> **Listed entries**

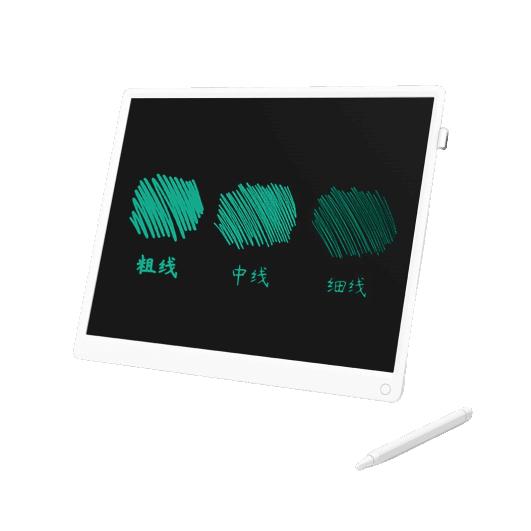 Xiaomi Mijia 20" kresliaci tablet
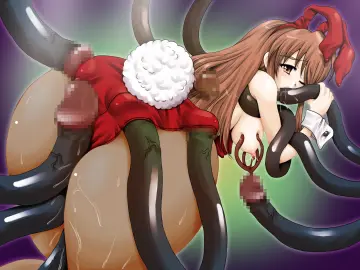 Asahina Mikuru rule 34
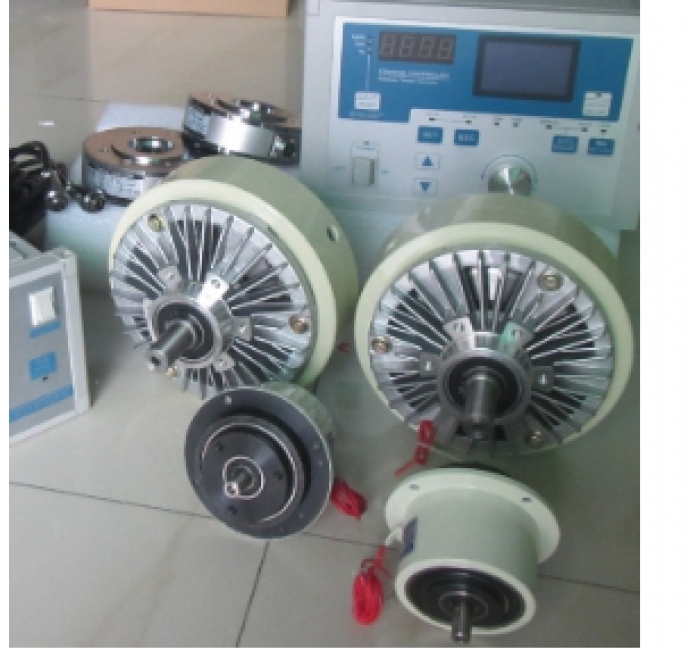 三菱 磁粉离合器 ZKG-5AN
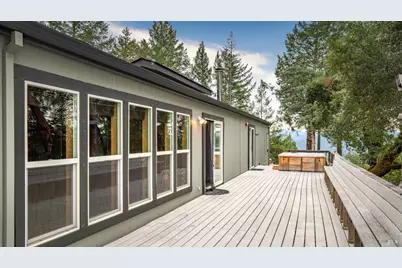 505 McNair Road, Cloverdale, CA 95425 - Photo 37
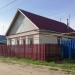 ул. Кабаново, 48 в городе Тума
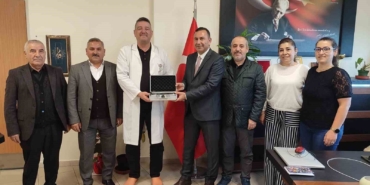 karacabey-devlet-hastanesine-anlamli-bagis-ZJa5lrhU.jpg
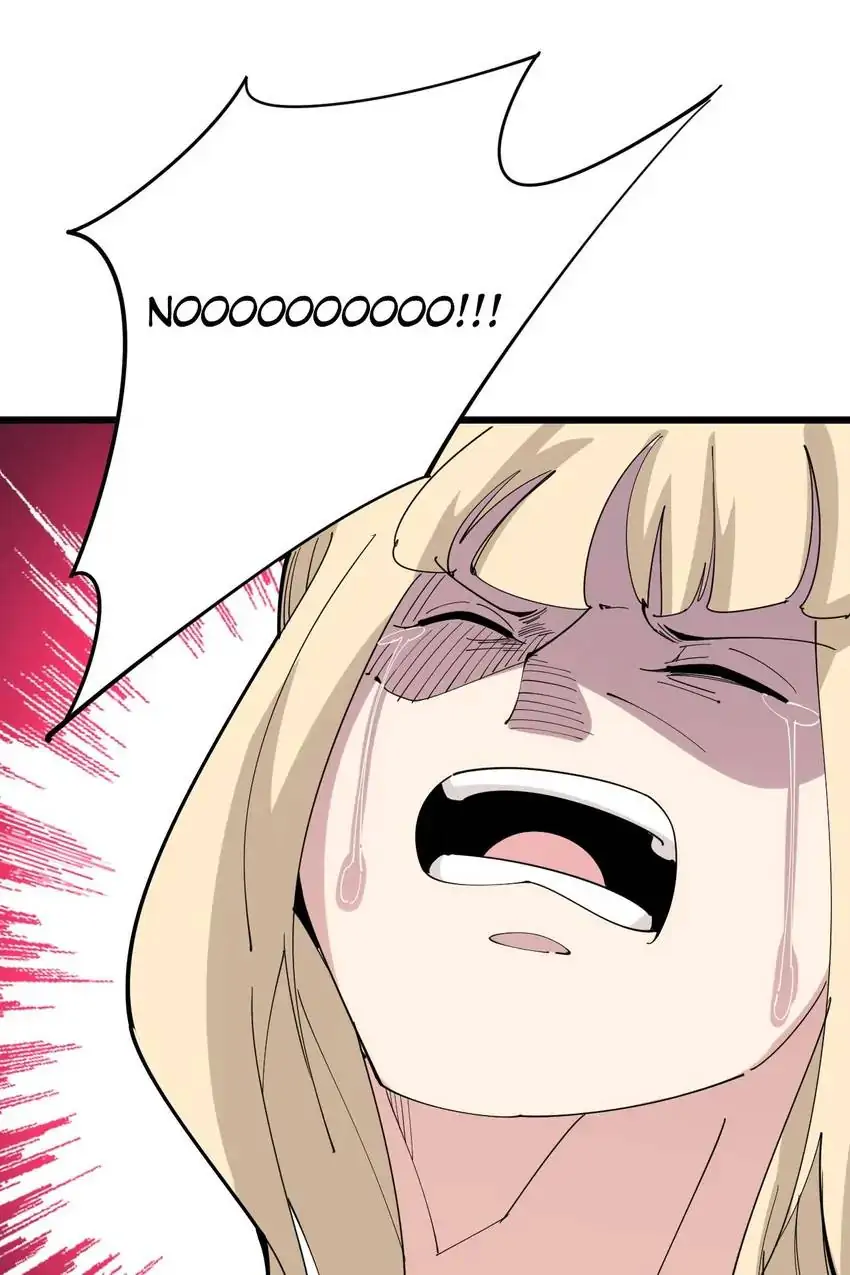 Poisonous Witch Doctor Chapter 96 - Page 64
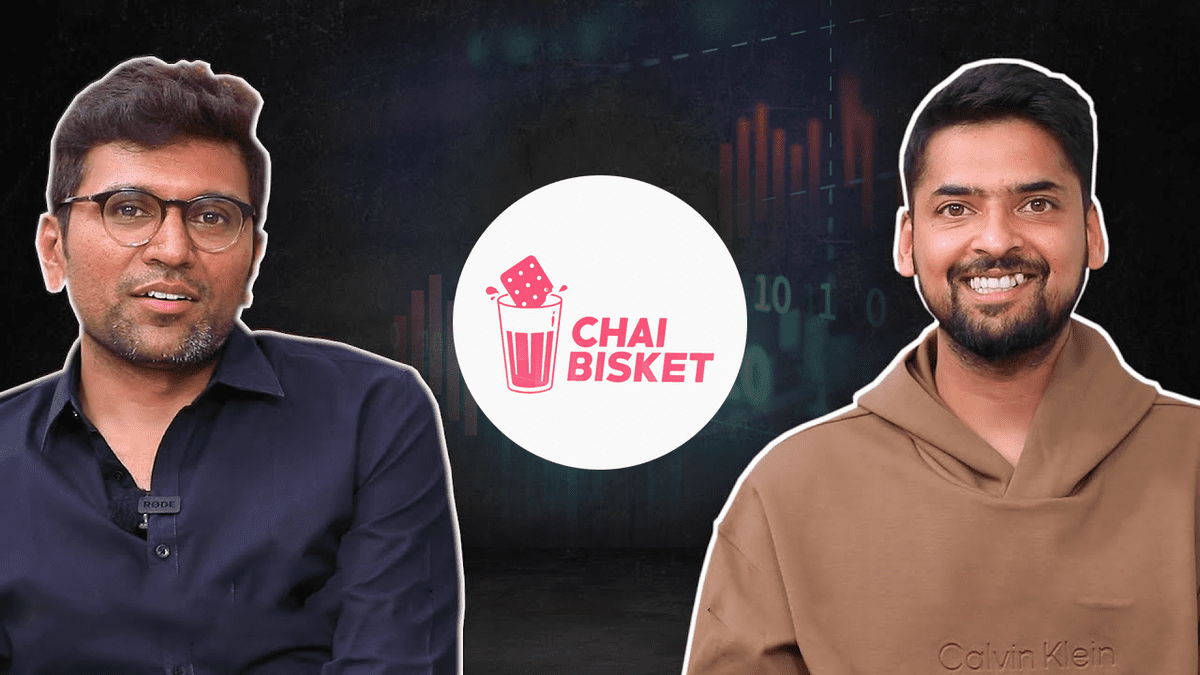 chai bisket 2025 07 09 13 11 51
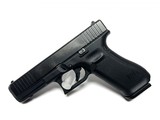 GLOCK 17 GEN 5 - 2 of 2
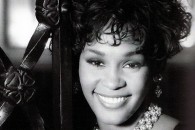 Уитни Хьюстон (Whitney Houston) – we will always love you!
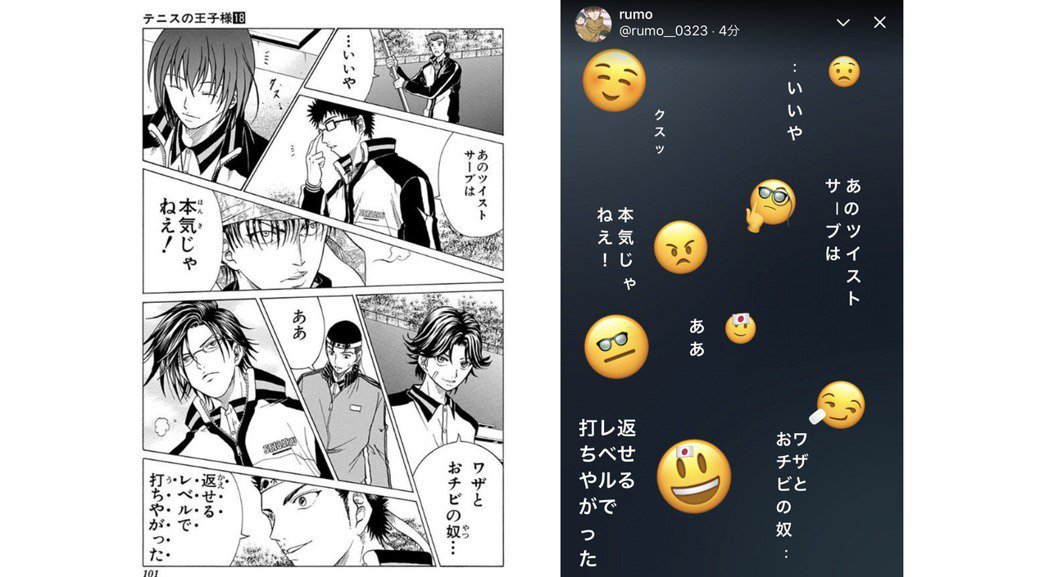 <br />
<b>Warning</b>:  array_search() expects parameter 2 to be array, boolean gi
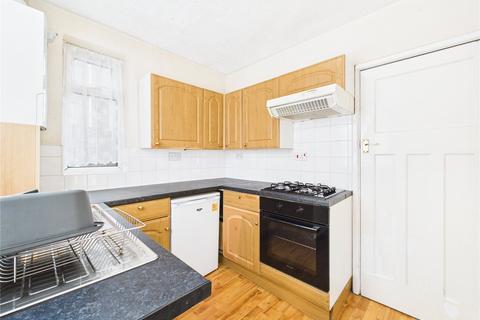 undefined, Highridge Crescent, Bristol, BS13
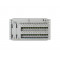 Cisco Prisma II Chassis 736727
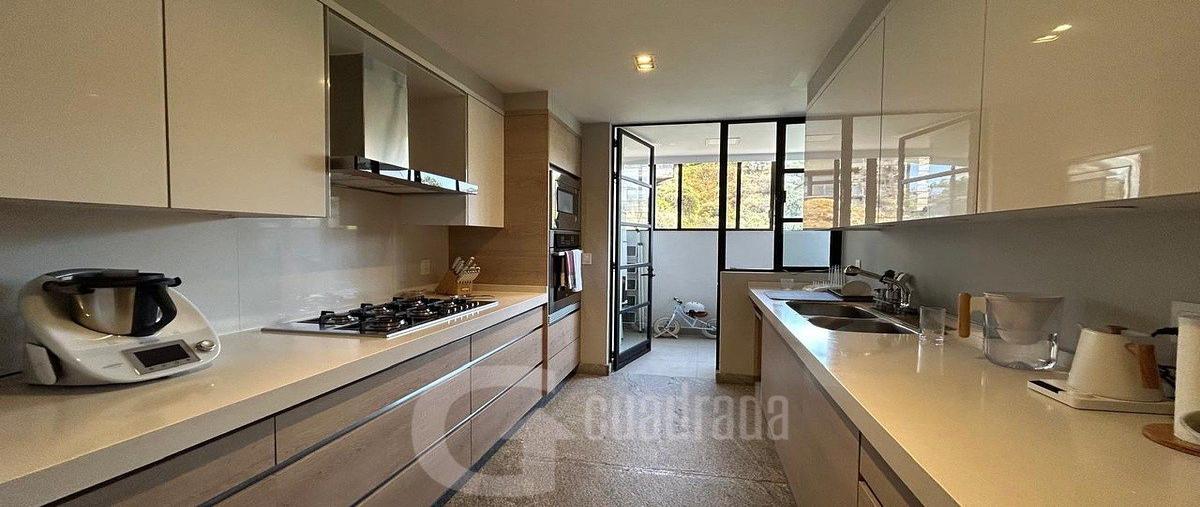 Foto de departamento en , bosque de las lomas, miguel hidalgo, df / cdmx, 0 foto 11 Foto de departamento en venta en , bosque de las lomas, miguel hidalgo, df / cdmx, 0 No. 11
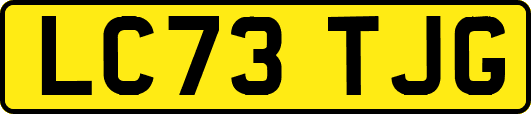 LC73TJG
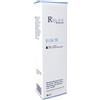 Relife U-Life - 20 Crema Idratante Corpo per pelle Molto Secca Urea 20%, 100ml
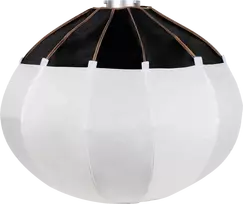 SMALLRIG 3932 RA-L90 LANTERN SOFTBOX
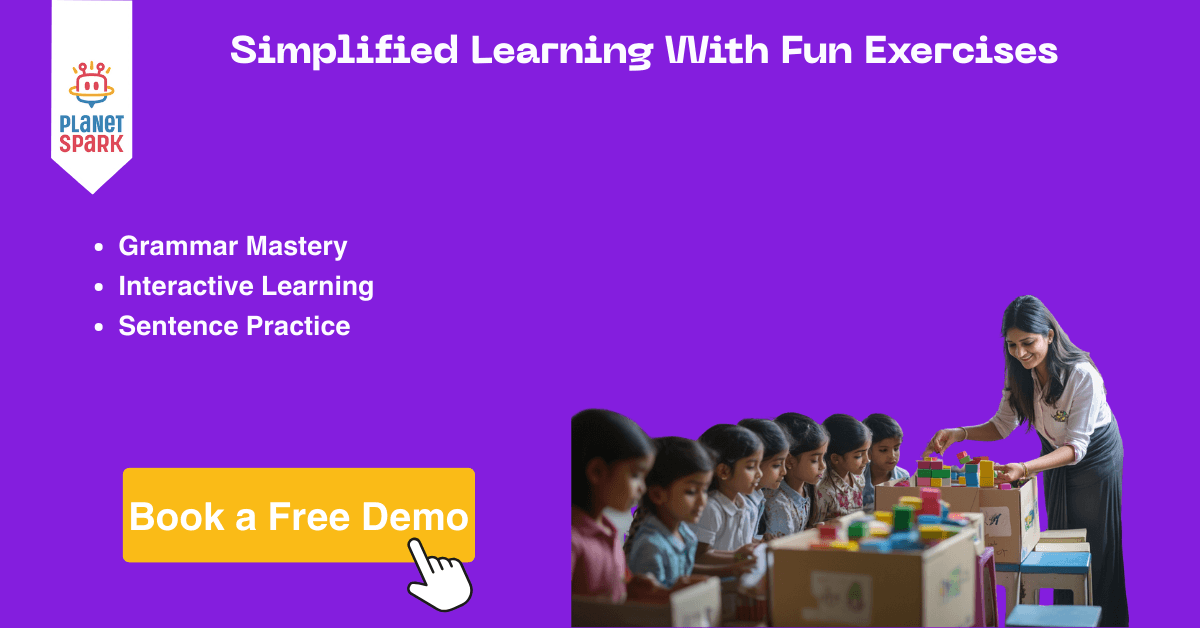 Learning Games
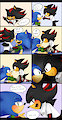 Ch.1 pg.17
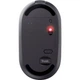 Миша Trust Puck Rechargeable Ultra-Thin BT WL Silent Black (24059 TRUST) - зображення 4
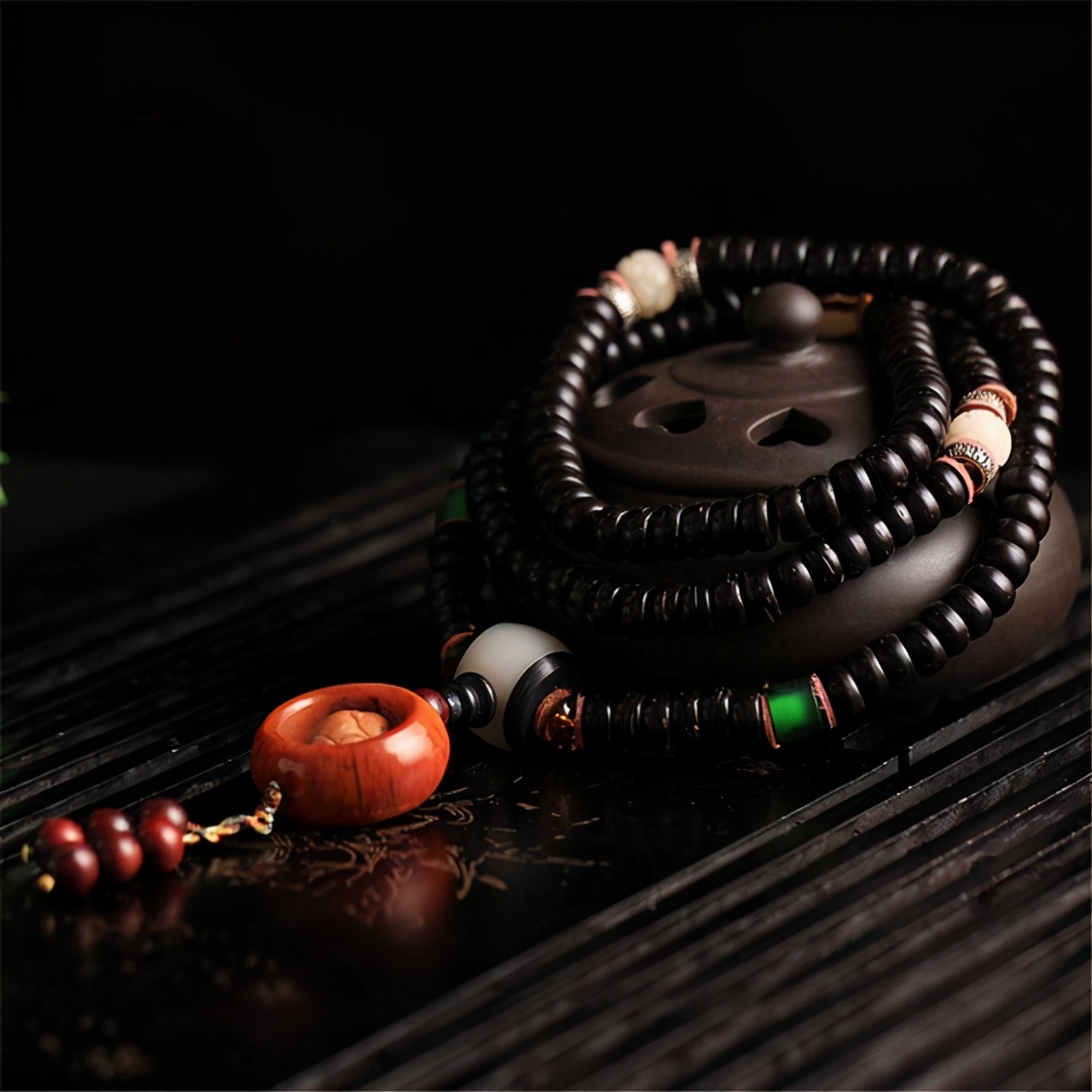 得了懒癌怎么办,犯了懒癌怎么办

> **Task objective**
Only the lines above from the one with "505 McNair Road, Cloverdale, CA" to the one with "Relife U-Life - 20" should be printed, both included and exactly as written; no picture belongs in the copy.

> **Solution for this task**
 505 McNair Road, Cloverdale, CA 95425 - Photo 37
 ул. Кабаново, 48 в городе Тума
 karacabey-devlet-hastanesine-anlamli-bagis-ZJa5lrhU.jpg
 Poisonous Witch Doctor Chapter 96 - Page 64
 chai bisket 2025 07 09 13 11 51
 GLOCK 17 GEN 5 - 2 of 2
 Уитни Хьюстон (Whitney Houston) – we will always love you!
 <br />
<b>Warning</b>:  array_search() expects parameter 2 to be array, boolean gi
 undefined, Highridge Crescent, Bristol, BS13
 Cisco Prisma II Chassis 736727
 Foto de departamento en , bosque de las lomas, miguel hidalgo, df / cdmx, 0 foto 11 Foto de departamento en venta en , bosque de las lomas, miguel hidalgo, df / cdmx, 0 No. 11
 LC73TJG
 Relife U-Life - 20 Crema Idratante Corpo per pelle Molto Secca Urea 20%, 100ml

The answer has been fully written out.